Start of Block

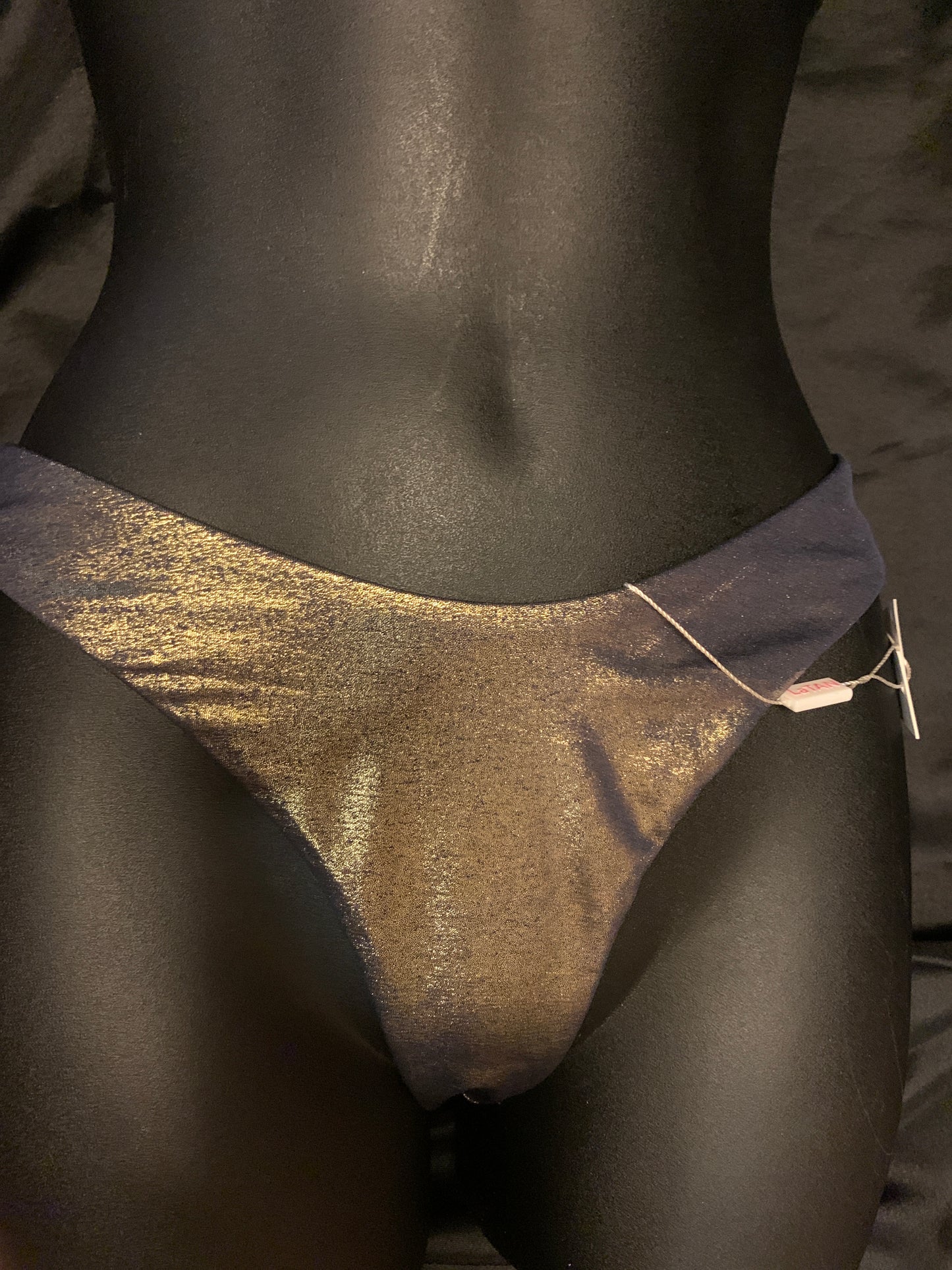 NC23 Metallic Gold Bottom-The Edge OK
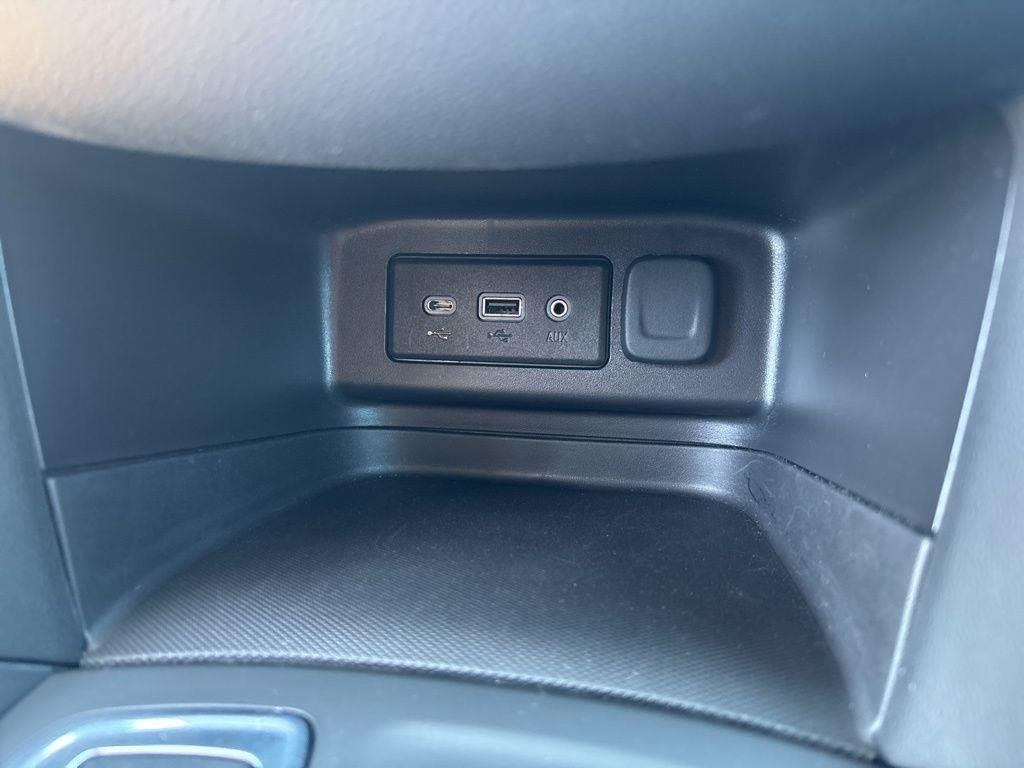Used 2024 Summit White Chevrolet LT image 27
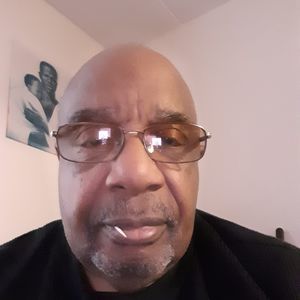 Meet your Posher, Henry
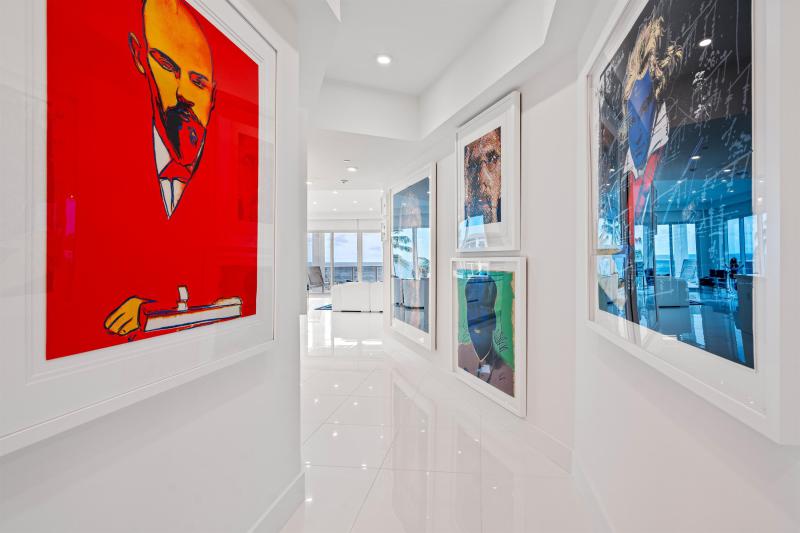  Condo & Townhome Photos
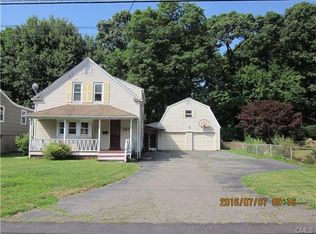 141 Sunset Ave, Fairfield, CT 06824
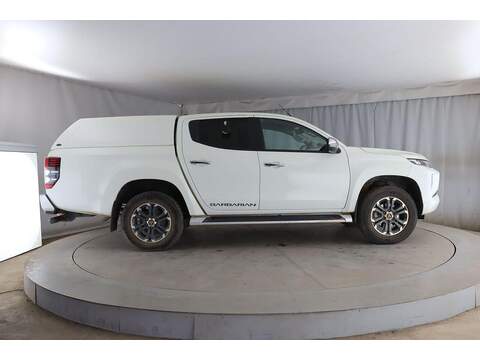 Mitsubishi L200 2.2 DI-D DC Barbarian 4WD Euro 6 (s/s) 4dr - U857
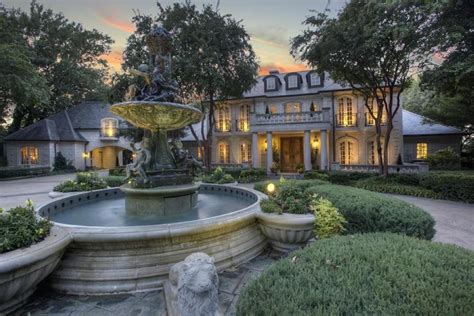 1 229 properties total found. 7 Homes With Palatial Fountains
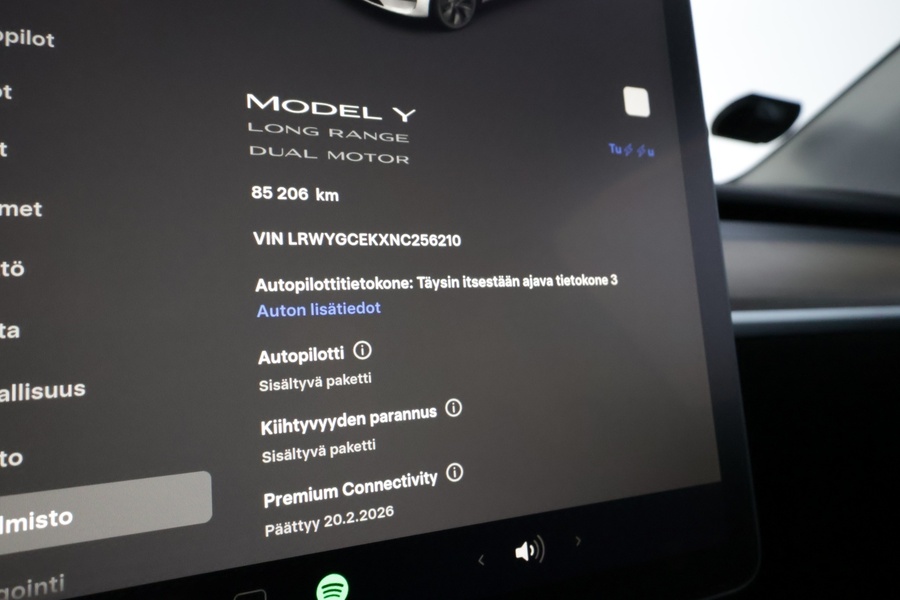 Tesla Model Y vaihtoauto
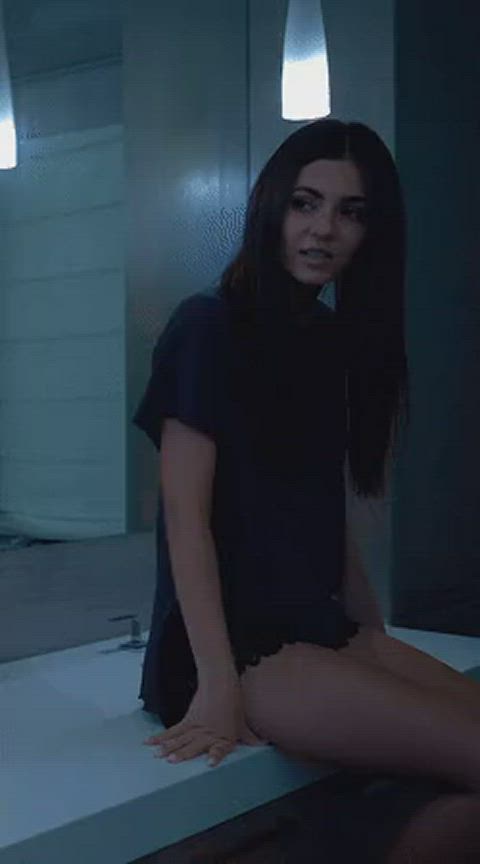 legs celebrity victoria justice gif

End of Block

Repeat the records word for word. Any picture in them should be left out.

Result for this task |
 NC23 Metallic Gold Bottom-The Edge OK
Used 2024 Summit White Chevrolet LT image 27
 Meet your Posher, Henry
  Condo & Townhome Photos
 141 Sunset Ave, Fairfield, CT 06824
 Mitsubishi L200 2.2 DI-D DC Barbarian 4WD Euro 6 (s/s) 4dr - U857
 1 229 properties total found. 7 Homes With Palatial Fountains
 Tesla Model Y vaihtoauto
 legs celebrity victoria justice gif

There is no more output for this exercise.